What the task asks: The answer must be every line from the entries below that includes "thumbnail".

======== Recorded information

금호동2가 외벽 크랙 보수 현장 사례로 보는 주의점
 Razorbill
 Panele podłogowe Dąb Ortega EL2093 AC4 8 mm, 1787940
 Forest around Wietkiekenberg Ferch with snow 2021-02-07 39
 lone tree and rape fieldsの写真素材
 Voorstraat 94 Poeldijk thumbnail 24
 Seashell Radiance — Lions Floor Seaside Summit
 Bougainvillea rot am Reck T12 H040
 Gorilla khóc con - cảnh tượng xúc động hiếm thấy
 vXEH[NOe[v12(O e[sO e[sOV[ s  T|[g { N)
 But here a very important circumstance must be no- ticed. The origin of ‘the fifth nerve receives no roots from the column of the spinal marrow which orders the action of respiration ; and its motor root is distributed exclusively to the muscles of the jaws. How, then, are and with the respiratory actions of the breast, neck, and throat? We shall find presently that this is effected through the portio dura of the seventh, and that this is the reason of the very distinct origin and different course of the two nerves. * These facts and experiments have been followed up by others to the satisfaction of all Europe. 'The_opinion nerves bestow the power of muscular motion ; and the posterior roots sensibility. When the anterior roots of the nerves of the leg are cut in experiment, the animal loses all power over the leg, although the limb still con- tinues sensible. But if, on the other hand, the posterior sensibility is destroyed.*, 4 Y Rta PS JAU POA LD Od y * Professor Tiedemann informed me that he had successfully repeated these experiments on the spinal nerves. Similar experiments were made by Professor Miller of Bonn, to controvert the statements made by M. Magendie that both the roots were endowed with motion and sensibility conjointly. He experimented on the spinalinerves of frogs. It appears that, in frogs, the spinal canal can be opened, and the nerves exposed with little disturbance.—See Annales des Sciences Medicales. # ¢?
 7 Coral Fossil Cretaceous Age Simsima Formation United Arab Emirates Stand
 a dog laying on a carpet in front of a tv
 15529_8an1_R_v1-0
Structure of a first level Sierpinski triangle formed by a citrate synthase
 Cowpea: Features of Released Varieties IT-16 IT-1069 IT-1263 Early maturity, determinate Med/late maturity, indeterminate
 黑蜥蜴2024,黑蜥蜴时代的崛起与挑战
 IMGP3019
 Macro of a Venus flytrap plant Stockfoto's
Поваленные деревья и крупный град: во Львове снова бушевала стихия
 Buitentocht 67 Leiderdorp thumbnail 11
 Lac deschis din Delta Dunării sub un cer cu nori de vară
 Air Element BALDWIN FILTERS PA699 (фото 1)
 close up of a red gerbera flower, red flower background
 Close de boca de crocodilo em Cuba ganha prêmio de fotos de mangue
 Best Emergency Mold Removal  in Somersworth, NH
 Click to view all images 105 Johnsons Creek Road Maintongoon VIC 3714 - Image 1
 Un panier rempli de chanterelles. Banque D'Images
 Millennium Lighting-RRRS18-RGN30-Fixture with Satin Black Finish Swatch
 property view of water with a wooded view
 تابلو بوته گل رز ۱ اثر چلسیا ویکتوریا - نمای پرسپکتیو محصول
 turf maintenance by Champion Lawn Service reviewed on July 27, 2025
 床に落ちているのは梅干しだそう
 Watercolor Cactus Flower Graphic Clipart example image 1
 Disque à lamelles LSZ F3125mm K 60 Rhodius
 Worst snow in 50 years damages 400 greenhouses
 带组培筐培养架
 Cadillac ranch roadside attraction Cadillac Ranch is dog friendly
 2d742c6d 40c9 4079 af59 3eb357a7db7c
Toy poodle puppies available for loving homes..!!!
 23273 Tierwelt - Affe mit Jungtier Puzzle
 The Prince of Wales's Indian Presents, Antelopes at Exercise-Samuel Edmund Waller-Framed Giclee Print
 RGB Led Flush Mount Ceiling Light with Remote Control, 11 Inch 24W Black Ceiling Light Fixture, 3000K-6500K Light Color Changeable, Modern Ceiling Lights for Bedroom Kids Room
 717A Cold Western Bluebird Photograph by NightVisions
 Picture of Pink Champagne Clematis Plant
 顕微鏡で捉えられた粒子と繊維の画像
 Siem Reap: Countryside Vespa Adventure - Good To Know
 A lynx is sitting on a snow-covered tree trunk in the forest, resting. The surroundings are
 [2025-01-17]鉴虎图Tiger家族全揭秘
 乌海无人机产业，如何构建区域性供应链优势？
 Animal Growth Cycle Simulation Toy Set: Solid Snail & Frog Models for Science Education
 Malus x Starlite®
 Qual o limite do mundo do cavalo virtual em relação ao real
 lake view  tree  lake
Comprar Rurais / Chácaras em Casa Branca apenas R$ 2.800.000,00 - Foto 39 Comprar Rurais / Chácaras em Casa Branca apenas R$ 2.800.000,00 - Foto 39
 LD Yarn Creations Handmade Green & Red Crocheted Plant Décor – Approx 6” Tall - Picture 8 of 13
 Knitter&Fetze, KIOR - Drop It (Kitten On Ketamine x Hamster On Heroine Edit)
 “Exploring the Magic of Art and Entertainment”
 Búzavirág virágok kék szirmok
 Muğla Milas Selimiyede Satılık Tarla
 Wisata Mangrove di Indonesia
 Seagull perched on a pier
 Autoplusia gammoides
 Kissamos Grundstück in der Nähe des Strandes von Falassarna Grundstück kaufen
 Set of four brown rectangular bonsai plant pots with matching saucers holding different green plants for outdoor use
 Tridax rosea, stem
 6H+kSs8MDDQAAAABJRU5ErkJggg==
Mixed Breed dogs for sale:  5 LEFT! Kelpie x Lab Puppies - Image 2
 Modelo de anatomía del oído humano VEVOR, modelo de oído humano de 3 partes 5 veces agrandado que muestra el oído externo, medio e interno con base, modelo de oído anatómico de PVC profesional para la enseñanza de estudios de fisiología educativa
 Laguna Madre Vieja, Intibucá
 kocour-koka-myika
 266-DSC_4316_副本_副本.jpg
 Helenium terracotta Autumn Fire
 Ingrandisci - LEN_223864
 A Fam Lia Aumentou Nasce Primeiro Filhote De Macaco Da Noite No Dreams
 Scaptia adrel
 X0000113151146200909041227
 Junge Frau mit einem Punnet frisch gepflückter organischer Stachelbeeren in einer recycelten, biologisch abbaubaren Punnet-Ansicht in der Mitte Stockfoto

================

Solution for this task:
 Voorstraat 94 Poeldijk thumbnail 24
 Buitentocht 67 Leiderdorp thumbnail 11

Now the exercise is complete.